FiDO: Fusion-in-Decoder optimised for stronger performance and faster inference
Google Research, December 2022
Last updated
Copyright Continuum Labs - 2023
Google Research, December 2022
Last updated
FiD is a retrieval-augmented language model that integrates external text sources to enhance the model's performance on knowledge-intensive natural language processing tasks.
While FiD has set new benchmarks, the original architecture, borrowed with minimal changes from the T5 model, isn't fully optimized for retrieval-augmented tasks.
Encoder-Decoder Resource Allocation: In FiD, a significant discrepancy exists in the resource allocation between the encoder and decoder. The encoder consumes a vast majority of Floating Point Operations (FLOPs) and training time. However, during inference, the decoder, not the encoder, becomes the primary computational bottleneck, primarily due to memory bandwidth constraints.
Inference Time Bottleneck: Despite the encoder's resource intensity, the decoder's role in assimilating and reasoning over information from multiple passages makes it a critical point of computational expense during inference, largely due to its complex multi-head cross-attention mechanism over extensive input sequences.
FLOPs Calculation: In the context of Transformer models, FLOPs are calculated based on operations in various components, primarily MLP (multi-layer perceptron) layers, attention projection layers, and attention operations. For simplicity, this analysis focuses on multiplication operations, a common approach to estimate computational complexity.
Encoder and Decoder FLOPs: The FLOPs in the encoder are computed considering the model dimension (d), the total number of tokens across all passages (ns), the number of tokens in a single passage (np), the number of target tokens (nt), and the number of layers (L).
Given that the MLP dimension is set to 4d, the encoder's FLOPs are predominantly due to MLP and QKVO (query, key, value, and output) projections in attention mechanisms. The decoder's FLOPs include additional cross-attention layers, crucial for integrating retrieved information.
Memory Bandwidth Constraints: Despite the encoder consuming more FLOPs, the decoder is the primary bottleneck during inference, mainly due to memory bandwidth constraints, particularly in cross-attention mechanisms. This is because the decoder has to manage large input sequences, making it memory-bandwidth bound.
Proposed Architectural Changes: To optimise FiD, the paper suggests reducing the number of cross-attention layers in the decoder and replacing multi-head attention with multi-query attention. These changes aim to reduce the decoder's memory bandwidth requirements, thereby speeding up inference.
Operational Intensity: The concept of operational intensity, which is the ratio of compute operations to memory operations, plays a crucial role in determining the actual computational throughput. High operational intensity is crucial for efficient performance on modern hardware like GPUs or TPUs.

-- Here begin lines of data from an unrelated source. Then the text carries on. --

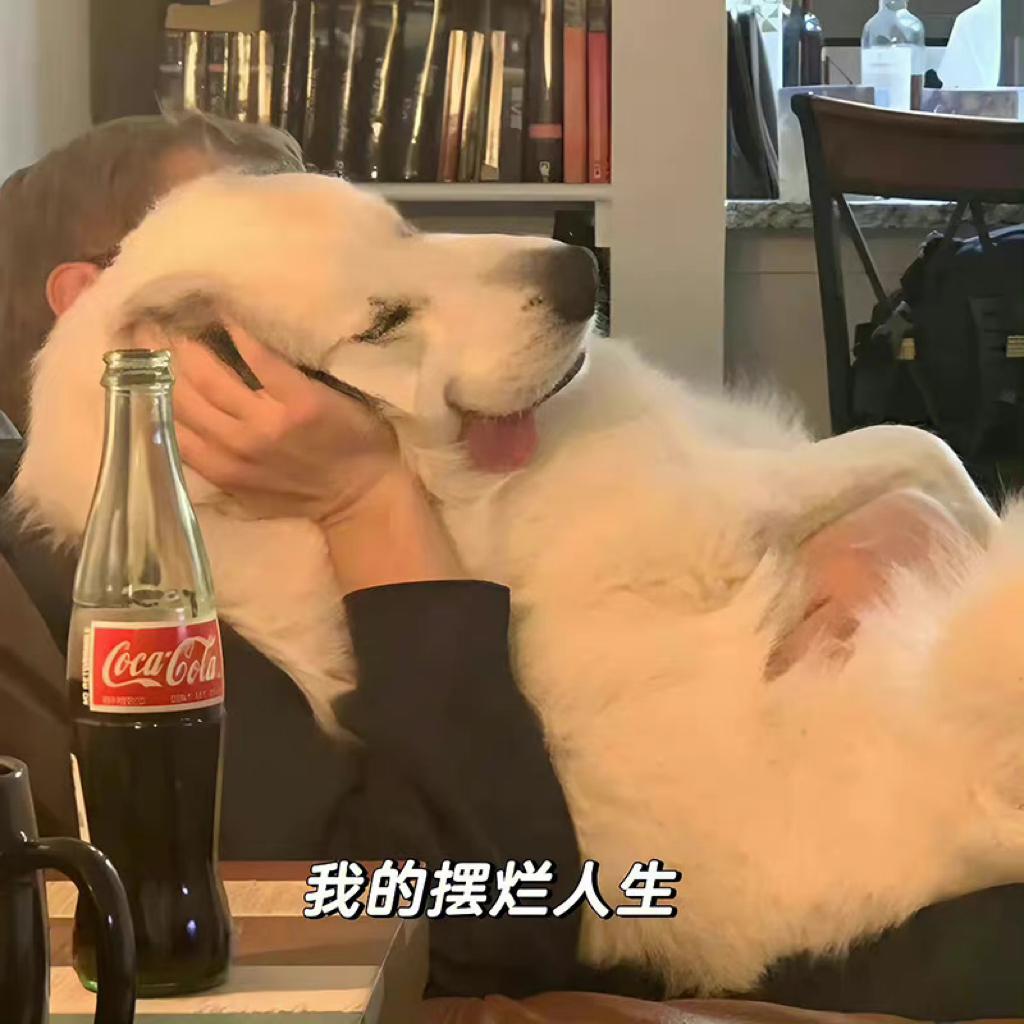 靠近子午线才可以听的摇滚乐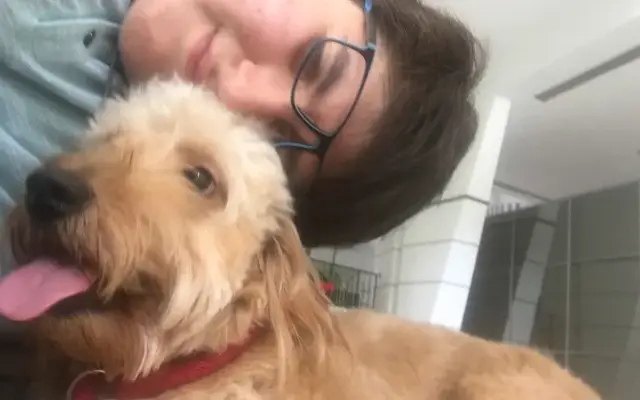 Nirvan's dog walker, Groomer , sitter in Shrewsbury, MA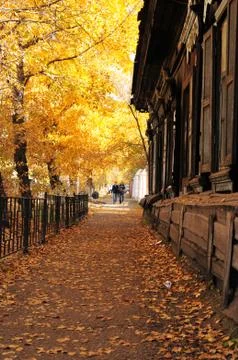 Autumn  Foto stock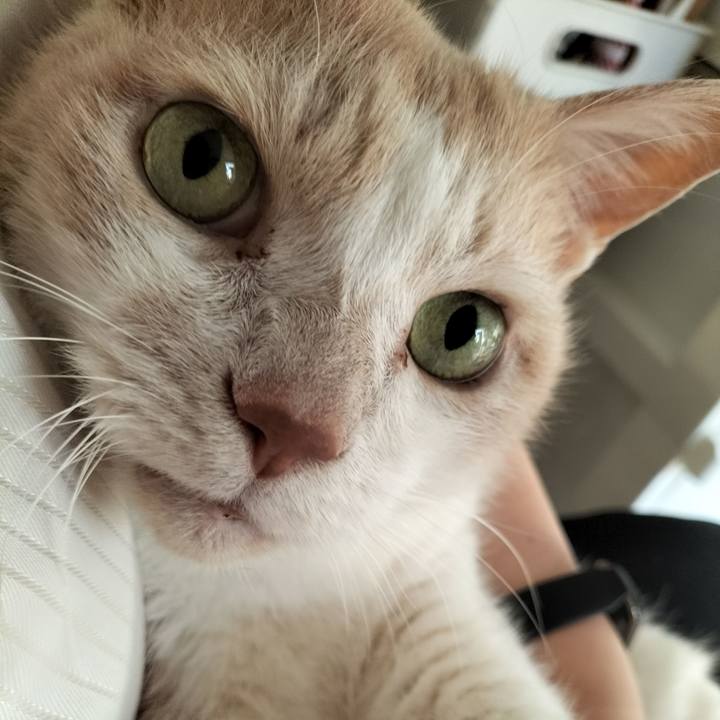 E2759852 5f76 4d7a 8fa0 ef68854beb07 1638916379687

The proposed optimisations in FiD aim to increase operational intensity, particularly in the decoder.
Inference Efficiency: The optimisations lead to a significant improvement in inference speed (up to 7x faster), allowing the use of a larger decoder without a substantial increase in computational cost.
Performance Gains: These architectural changes not only enhance inference efficiency but also improve model performance across various knowledge-intensive tasks, as demonstrated in benchmark results for question-answering datasets.
The authors propose FiDO (Fusion-in-Decoder Optimized), an evolved architecture designed to address the inefficiencies identified in FiD:
Reducing Cross-Attention Layers: By minimising the number of cross-attention layers in the decoder, FiDO significantly cuts down on computational costs while maintaining performance levels. This adjustment directly targets the decoder's memory bandwidth constraints, optimizing its operational efficiency.
Introducing Multi-Query Attention: Replacing multi-head attention with multi-query attention further alleviates the memory-bandwidth bottleneck. This architectural tweak ensures that the decoder's inference becomes substantially faster, aligning the inference time more closely with the computational FLOP distribution between the encoder and decoder.
Decoder Scaling (DecXL): An intriguing aspect of FiDO is its approach to scale up the decoder massively while keeping the encoder relatively smaller. This rebalancing aims to enhance the decoder's ability to synthesise and reason over the retrieved information, fostering a deeper understanding and generation of outputs.
Performance Metrics: The proposed FiDO architecture demonstrates a notable improvement in inference speed—up to 7x faster—while also showing strong performance enhancements across various question-answering benchmarks like Natural Questions, TriviaQA, and WebQuestions.
Inference Efficiency: The modifications lead to a more efficient utilisation of computational resources, particularly during inference, aligning the computational intensity with the actual utility derived from each component of the model.
FiDO represents a stride forward in optimising retrieval-augmented language models.
By addressing the architectural inefficiencies in FiD, the researchers not only enhance the model's inference speed and computational economy but also set a new standard for performance in knowledge-intensive tasks.
This work underscores the importance of architectural considerations in the development of AI systems, highlighting how thoughtful modifications can lead to substantial gains in efficiency and effectiveness.